Your task.
Give all the lines below again, exactly, with no pictures.

Raw data.
Segment Open
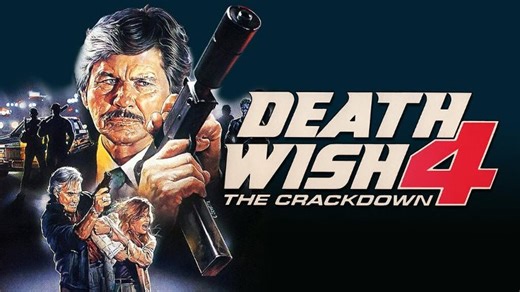 Death Wish 4: The Crackdown (1987)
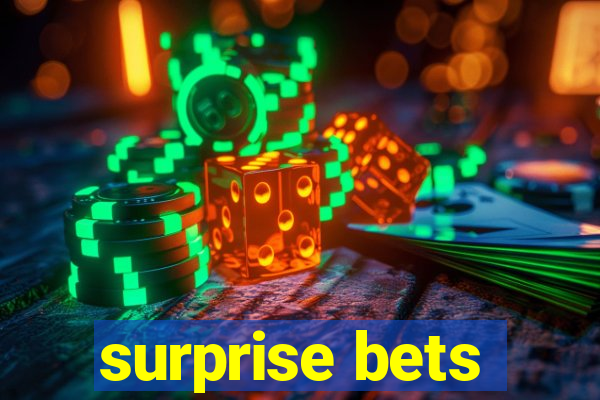 surprise bets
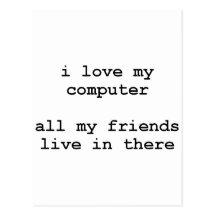 i love my computer post cards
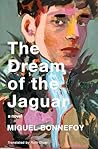 The Dream of the Jaguar by Miguel Bonnefoy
Segment Closed
Expected answer.
 Death Wish 4: The Crackdown (1987)
 surprise bets
 i love my computer post cards
 The Dream of the Jaguar by Miguel Bonnefoy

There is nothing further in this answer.